MPI Common Error Messages on Cray XT Systems
Taken From: Cray XT Series Programming Environment User's Guide S-2396-20
-
If you see this error message:
internal ABORT - process 0: Other MPI error, error stack: MPIDI_PortalsU_Request_PUPE###: exhausted unexpected receive queue buffering increase via env. var. MPICH_UNEX_BUFFER_SIZE
It means:
The application is sending too many short, unexpected messages to a particular receiver. An unexpected message is an MPI message that has been sent to the receiver, but for which the receiver has yet to post its corresponding MPI receive request. As a result, the message is buffered in the receiver's MPI buffer for unexpected messages.Try this to work around the problem:
Increase the amount of memory for MPI buffering using the MPICH_UNEX_BUFFER_SIZE variable (default is "60M") and/or decrease the short message size threshold using the MPICH_MAX_SHORT_MSG_SIZE variable (default is 128000 bytes). -
If you see this error message:
[0] MPIDI_PortalsU_Request_..._...: dropped event on unexpected receive queue, increase [0] queue size by setting the environment variable MPICH_PTL_UNEX_EVENTS
It means:
The event queue entries associated with the unexpected messages queue have been exhausted.
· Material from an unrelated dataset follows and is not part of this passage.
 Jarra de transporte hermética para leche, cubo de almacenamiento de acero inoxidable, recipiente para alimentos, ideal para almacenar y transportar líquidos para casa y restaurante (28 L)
The default value is 20480 events.Try doing this to work around the problem:
Increase the size of this queue by setting the environment variable MPICH_PTL_UNEX_EVENTS to some value higher than 20480. -
If you see this error message:
[0] MPIDI_Portals_Progress: dropped event on "other" queue, increase [0] queue size by setting the environment variable MPICH_PTL_OTHER_EVENTS aborting job: Dropped Portals event
It means:
The event queue entries associated with the "other" queue have been exhausted. This can happen if the application is posting many nonblocking sends, or if a large number of pre‑posted receives are being posted, or if many MPI‑2 RMA operations are posted in a single epoch. The default size of the "other" event queue is 2048 events.Try doing this to work around the problem:
Increase the size of this queue by setting the environment variable MPICH_PTL_OTHER_EVENTS to some value higher than 2048. -
If you see this error message:
0:(/notbackedup/users/rsrel/rs64.REL_._._....... Wed/pe/computelibs/mpich2/src/mpid/portals32/src/portals_progress.c:642) PtlEQAlloc failed : PTL_NO_SPACE
It means:
You have requested so much event queue space for MPI (and possibly SHMEM if using both in the same application) that there are not sufficient Portals resources to satisfy the request.Try doing this to work around the problem:
Decrease the size of the event queues by setting the environment variables MPICH_PTL_UNEXPECTED_EVENTS and MPICH_PTL_OTHER_EVENTS to smaller values.